简单的来说这个方法就是把已经收集到的数据生成一个block 然后放到blocksForPushing里面, 在初始化currentBuffer。 好了到这里已经知道block是怎么生成的了。

但是从前面的文章我们知道实际数据是从blockManager里面获取的, 那么block是怎么存到blockmanager里面的呢, 我们要看blockPushingThread.start方法了:
private val blockPushingThread = new Thread() { override def run() { keepPushingBlocks() } }

其实只是一个thread, 所以在start方法里面会跑 run, 这个run里面执行了keepPushingBlocks:
private def keepPushingBlocks() {
    logInfo("Started block pushing thread")

    def areBlocksBeingGenerated: Boolean = synchronized {
      state != StoppedGeneratingBlocks
    }

    try {
      // While blocks are being generated, keep polling for to-be-pushed blocks and push them.
      while (areBlocksBeingGenerated) {
        Option(blocksForPushing.poll(10, TimeUnit.MILLISECONDS)) match {
          case Some(block) => pushBlock(block)
          case None =>
        }
      }

      // At this point, state is StoppedGeneratingBlock.
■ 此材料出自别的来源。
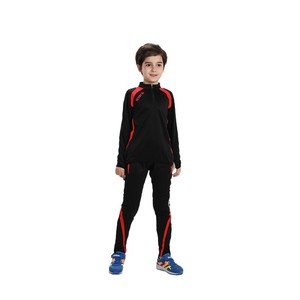 Осенне-зимний винтажный тренировочный костюм для футбола для мужчин, Детские флисовые брюки с длинными рукавами для фитнеса, спортивная одежда - Product Image 5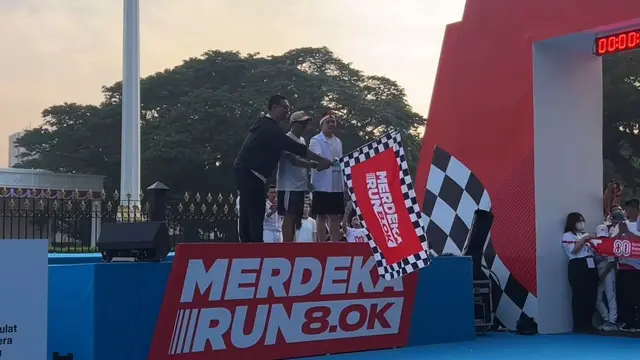 Polri Turunkan 703 personel Amankan Merdeka Run 2025 di Monas - News berita69.org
So drain the queue of to-be-pushed blocks.
      logInfo("Pushing out the last " + blocksForPushing.size() + " blocks")
      while (!blocksForPushing.isEmpty) {
        val block = blocksForPushing.take()
        logDebug(s"Pushing block $block")
        pushBlock(block)
        logInfo("Blocks left to push " + blocksForPushing.size())
      }
      logInfo("Stopped block pushing thread")
    } catch {
      case ie: InterruptedException =>
        logInfo("Block pushing thread was interrupted")
      case e: Exception =>
        reportError("Error in block pushing thread", e)
    }
  }



可以看到里面是只要有block生成, 就从blocksForPushing里面把block拿出来做一个pushBlock(block)的动作,

pushBlock(block)最终是调用listener的onPushBlock:
  private def pushBlock(block: Block) {
    listener.onPushBlock(block.id, block.buffer)
    logInfo("Pushed block " + block.id)
  }


看一下listener的定义:
 private val defaultBlockGeneratorListener = new BlockGeneratorListener {
    def onAddData(data: Any, metadata: Any): Unit = { }

    def onGenerateBlock(blockId: StreamBlockId): Unit = { }

    def onError(message: String, throwable: Throwable) {
      reportError(message, throwable)
    }

    def onPushBlock(blockId: StreamBlockId, arrayBuffer: ArrayBuffer[_]) {
      pushArrayBuffer(arrayBuffer, None, Some(blockId))
    }
  }



看到onPushBlock是做了 pushArrayBuffer(arrayBuffer, None, Some(blockId))

  def pushArrayBuffer(
      arrayBuffer: ArrayBuffer[_],
      metadataOption: Option[Any],
      blockIdOption: Option[StreamBlockId]
    ) {
    pushAndReportBlock(ArrayBufferBlock(arrayBuffer), metadataOption, blockIdOption)
  }


然后再看 pushAndReportBlock(ArrayBufferBlock(arrayBuffer), metadataOption, blockIdOption)

  def pushAndReportBlock(
      receivedBlock: ReceivedBlock,
      metadataOption: Option[Any],
      blockIdOption: Option[StreamBlockId]
    ) {
    val blockId = blockIdOption.getOrElse(nextBlockId)
    val time = System.currentTimeMillis
    val blockStoreResult = receivedBlockHandler.storeBlock(blockId, receivedBlock)
    logDebug(s"Pushed block $blockId in ${(System.currentTimeMillis - time)} ms")
    val numRecords = blockStoreResult.numRecords
    val blockInfo = ReceivedBlockInfo(streamId, numRecords, metadataOption, blockStoreResult)
    trackerEndpoint.askWithRetry[Boolean](AddBlock(blockInfo))
    logDebug(s"Reported block $blockId")
  }


里面调用了receivedBlockHandler.storeBlock(blockId, receivedBlock)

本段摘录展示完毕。